Please repeat only the lines below starting at the line that holds "Giovane donna in" and ending at the line that holds "Milwaukee Bucks forward", exactly, with both of those lines included and every picture omitted.

**DATA PROVIDED**

⟨

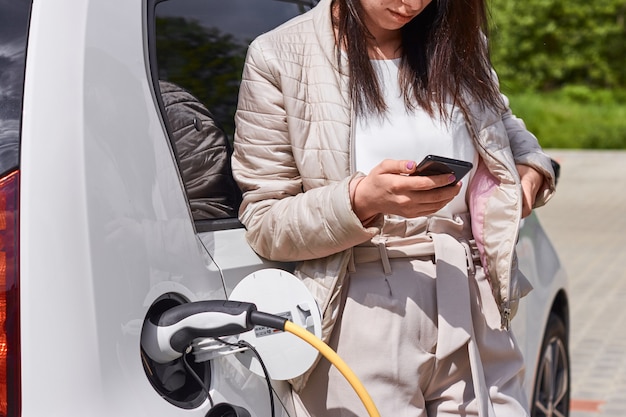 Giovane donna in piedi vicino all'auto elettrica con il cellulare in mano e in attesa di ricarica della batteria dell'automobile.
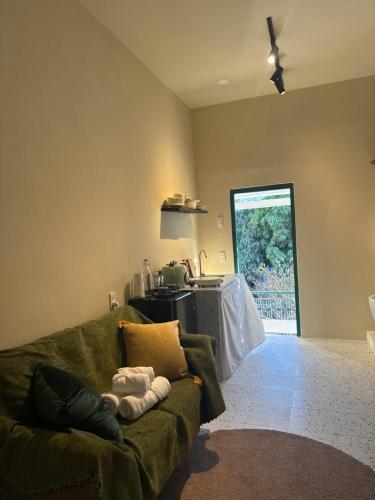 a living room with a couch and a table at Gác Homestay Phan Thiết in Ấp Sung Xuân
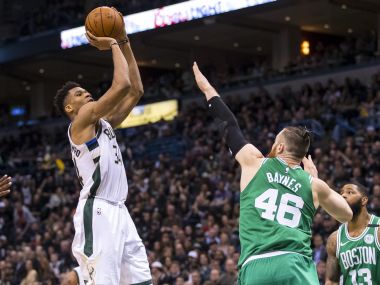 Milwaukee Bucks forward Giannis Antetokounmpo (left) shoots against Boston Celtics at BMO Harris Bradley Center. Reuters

⟩
⟨

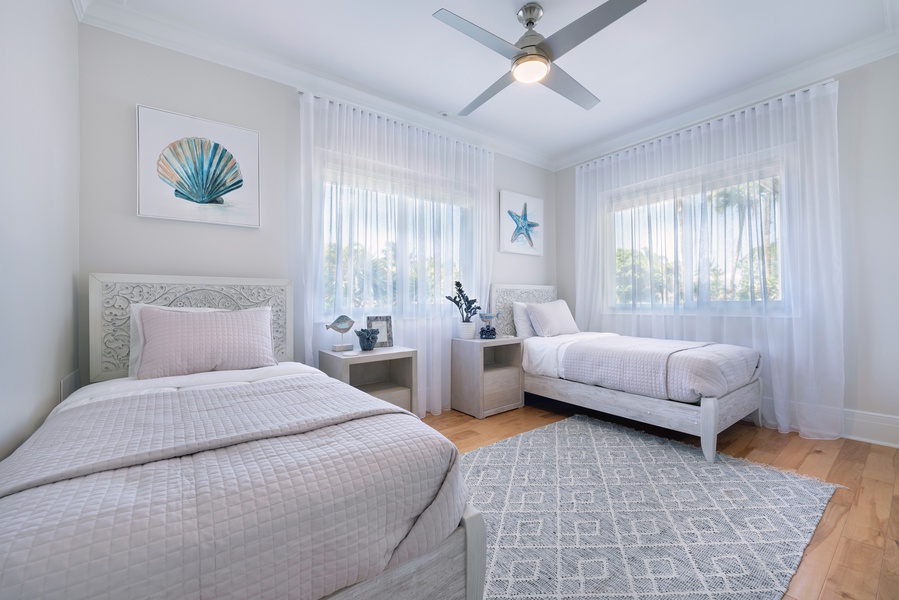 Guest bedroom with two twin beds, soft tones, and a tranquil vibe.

⟩

**ANSWER SECTION**
 Giovane donna in piedi vicino all'auto elettrica con il cellulare in mano e in attesa di ricarica della batteria dell'automobile.
 a living room with a couch and a table at Gác Homestay Phan Thiết in Ấp Sung Xuân
 Milwaukee Bucks forward Giannis Antetokounmpo (left) shoots against Boston Celtics at BMO Harris Bradley Center. Reuters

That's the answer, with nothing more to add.